大致知道了这个星期的工作。刚拿到了 vadd_ir.mlir 这个文件，里面是最简单的（带有 layout 的）加法 IR。这个 IR 有六万多行，不过模块（或者说，kernel）分得很清楚，每个 kernel 大概三百多行，都是这个加法的一个实现，只不过从上往下是依次 lower 到越来越底层（比如，从 cute dialect 给 lower 到 llvm）。我们的目的就是搞清楚这个向下 lower 的过程是究竟如何将 cute.xxx 这些函数进行转换的。

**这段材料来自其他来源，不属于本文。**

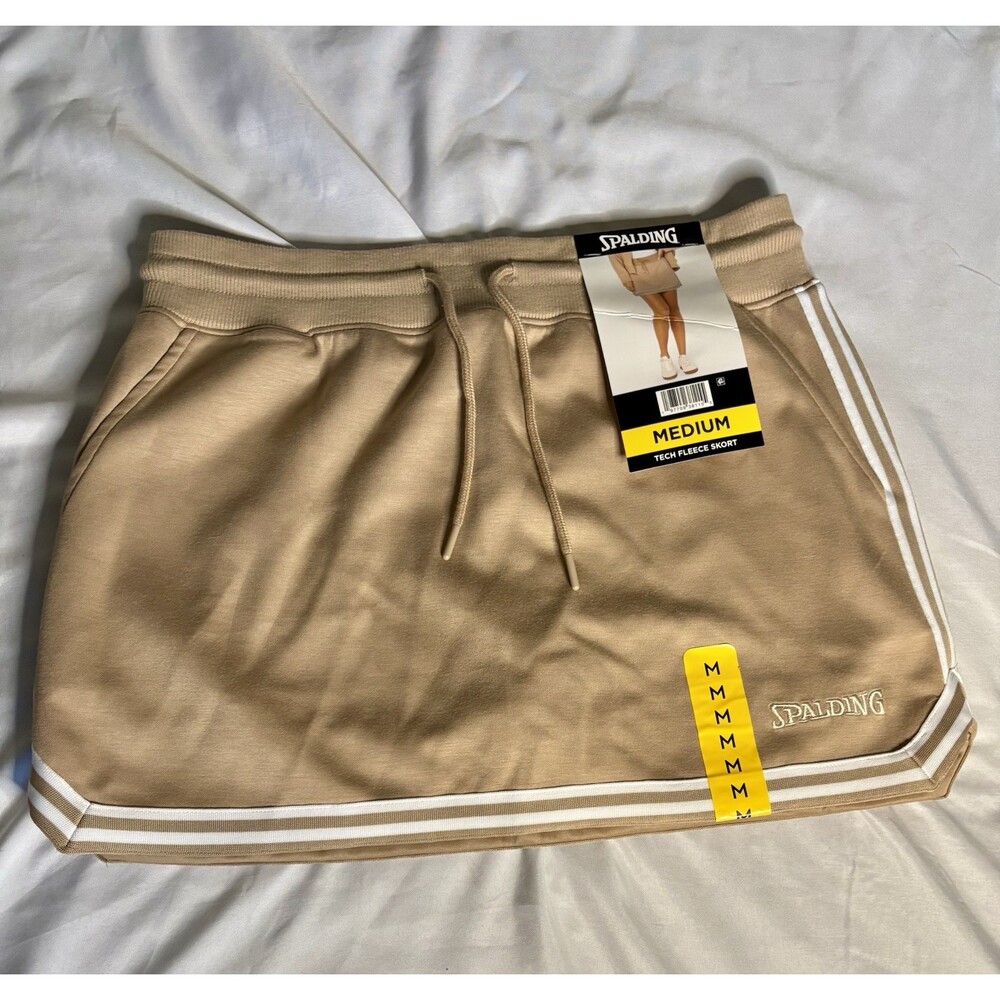 Spalding Women's Elastic Waist Side Pockets Relaxed Fit Skort Size Medium Beige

每个 kernel 里的 300 多行代码也不是每个都要看，主要聚焦 arith.addf 的参数是从哪里来的，这些参数在之前又经历了些什么。整个加法可能是 1024 * 1024 的大加法，但是每个 arith.addf 只负责 vector<16xf32> 的加法，这表明在之前肯定经历过切分。我们以最上层 kernel 为例，arith.addf 出现在这里：

%43 = arith.addf %38, %41 : vector<16xf32>

向上 trace %38 和 %41：

%38 = cute.memref.load_vec %33, row_major : !memref_rmem_f32_
%41 = cute.memref.load_vec %34, row_major : !memref_rmem_f32_

这里就出现了 cute dialect 的函数 cute.memref.load_vec。向上继续 trace %33 和 %34：

%33 = cute.make_fragment_like(%src_partitioned) <{elem_type = f32}> : !memref_gmem_f32_2 to !memref_rmem_f32_
%34 = cute.make_fragment_like(%src_partitioned_76) <{elem_type = f32}> : !memref_gmem_f32_2 to !memref_rmem_f32_

依此类推，我们可以一步步向上 trace。这个过程中就会涉及到大量 cute dialect 的函数，我们要做的就是搞清楚每个过程中涉及到的 cute 函数接收什么参数、究竟是什么行为。有些函数可能很直白，比如 cute.get_layout 或者 cute.get_shape，但是别的函数可能就没有这么直观。当函数意思不够直观的时候，我们就得借助 cute 的文档、对应的 C++ 代码，或者向下 lower 的 kernel IR 来理解。这就是我这周的任务。

July 3

今天继续看昨天看的，但除了看 mlir dump 文件外，还转过头来看看原 py 代码里的 kernel 究竟是怎么写的，好理解下这个 kernel 到底在干什么。CUTLASS C++ 里也有一些函数的用法，比如 cute.tiled.copy.partition_S。atom 是什么意思也许也可以在相同地方找到。除此以外，CuTe 的文档里也有一些函数的用法。另外，除了保留与 arith.addf 相关的 kernel op 外，存储部分的代码也要保留下来。建议我弄个 github repo 写点向下转换的伪代码，可以用 Python 也可以用 C++。